Task description:
Reproduce the entries exactly, beginning with the line containing "Silk short sleeves" and ending with their last line, both included.

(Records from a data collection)
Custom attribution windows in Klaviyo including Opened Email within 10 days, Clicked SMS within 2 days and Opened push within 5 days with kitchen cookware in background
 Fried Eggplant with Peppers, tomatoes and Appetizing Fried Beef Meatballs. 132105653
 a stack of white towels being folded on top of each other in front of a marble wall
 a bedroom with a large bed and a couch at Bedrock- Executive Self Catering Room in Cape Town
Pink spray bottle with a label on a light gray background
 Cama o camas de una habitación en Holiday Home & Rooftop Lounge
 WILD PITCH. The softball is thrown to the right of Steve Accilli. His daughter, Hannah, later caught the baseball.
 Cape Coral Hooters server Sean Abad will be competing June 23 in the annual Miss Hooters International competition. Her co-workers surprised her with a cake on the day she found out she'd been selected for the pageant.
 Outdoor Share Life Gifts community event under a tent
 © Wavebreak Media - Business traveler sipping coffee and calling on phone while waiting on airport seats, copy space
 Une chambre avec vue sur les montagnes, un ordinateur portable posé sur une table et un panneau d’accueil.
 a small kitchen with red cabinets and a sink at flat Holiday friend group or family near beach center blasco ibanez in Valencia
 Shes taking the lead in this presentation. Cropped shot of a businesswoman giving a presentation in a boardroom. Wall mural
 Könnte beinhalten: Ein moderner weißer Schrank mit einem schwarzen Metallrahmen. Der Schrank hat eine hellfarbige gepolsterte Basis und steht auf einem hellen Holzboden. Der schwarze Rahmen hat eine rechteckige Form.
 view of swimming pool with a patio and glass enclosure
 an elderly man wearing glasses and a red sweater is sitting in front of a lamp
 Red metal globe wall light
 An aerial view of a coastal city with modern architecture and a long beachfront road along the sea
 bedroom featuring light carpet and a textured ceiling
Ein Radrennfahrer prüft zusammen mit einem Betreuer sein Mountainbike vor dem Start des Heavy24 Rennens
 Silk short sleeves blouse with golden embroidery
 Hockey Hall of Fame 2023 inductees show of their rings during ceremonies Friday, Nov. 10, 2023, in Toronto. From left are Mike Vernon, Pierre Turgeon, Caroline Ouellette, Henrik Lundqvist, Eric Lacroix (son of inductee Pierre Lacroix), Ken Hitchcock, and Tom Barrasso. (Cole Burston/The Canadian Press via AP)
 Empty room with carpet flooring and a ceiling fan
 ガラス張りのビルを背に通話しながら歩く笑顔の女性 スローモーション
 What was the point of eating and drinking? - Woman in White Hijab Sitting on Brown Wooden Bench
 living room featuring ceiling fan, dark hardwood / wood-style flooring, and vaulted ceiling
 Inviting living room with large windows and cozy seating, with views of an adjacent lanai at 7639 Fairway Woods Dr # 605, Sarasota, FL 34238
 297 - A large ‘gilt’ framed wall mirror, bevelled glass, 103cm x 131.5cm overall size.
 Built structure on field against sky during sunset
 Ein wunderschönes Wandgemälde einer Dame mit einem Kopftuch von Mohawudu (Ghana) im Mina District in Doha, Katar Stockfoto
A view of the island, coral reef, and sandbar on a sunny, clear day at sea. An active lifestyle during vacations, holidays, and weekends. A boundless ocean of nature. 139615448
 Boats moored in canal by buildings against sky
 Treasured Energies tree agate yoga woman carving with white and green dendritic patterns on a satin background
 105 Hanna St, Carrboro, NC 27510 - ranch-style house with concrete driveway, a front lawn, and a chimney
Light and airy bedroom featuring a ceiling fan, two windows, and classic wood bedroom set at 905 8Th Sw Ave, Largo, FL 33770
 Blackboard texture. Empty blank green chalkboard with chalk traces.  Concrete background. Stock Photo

Answer box:
 Silk short sleeves blouse with golden embroidery
 Hockey Hall of Fame 2023 inductees show of their rings during ceremonies Friday, Nov. 10, 2023, in Toronto. From left are Mike Vernon, Pierre Turgeon, Caroline Ouellette, Henrik Lundqvist, Eric Lacroix (son of inductee Pierre Lacroix), Ken Hitchcock, and Tom Barrasso. (Cole Burston/The Canadian Press via AP)
 Empty room with carpet flooring and a ceiling fan
 ガラス張りのビルを背に通話しながら歩く笑顔の女性 スローモーション
 What was the point of eating and drinking? - Woman in White Hijab Sitting on Brown Wooden Bench
 living room featuring ceiling fan, dark hardwood / wood-style flooring, and vaulted ceiling
 Inviting living room with large windows and cozy seating, with views of an adjacent lanai at 7639 Fairway Woods Dr # 605, Sarasota, FL 34238
 297 - A large ‘gilt’ framed wall mirror, bevelled glass, 103cm x 131.5cm overall size.
 Built structure on field against sky during sunset
 Ein wunderschönes Wandgemälde einer Dame mit einem Kopftuch von Mohawudu (Ghana) im Mina District in Doha, Katar Stockfoto
A view of the island, coral reef, and sandbar on a sunny, clear day at sea. An active lifestyle during vacations, holidays, and weekends. A boundless ocean of nature. 139615448
 Boats moored in canal by buildings against sky
 Treasured Energies tree agate yoga woman carving with white and green dendritic patterns on a satin background
 105 Hanna St, Carrboro, NC 27510 - ranch-style house with concrete driveway, a front lawn, and a chimney
Light and airy bedroom featuring a ceiling fan, two windows, and classic wood bedroom set at 905 8Th Sw Ave, Largo, FL 33770
 Blackboard texture. Empty blank green chalkboard with chalk traces.  Concrete background. Stock Photo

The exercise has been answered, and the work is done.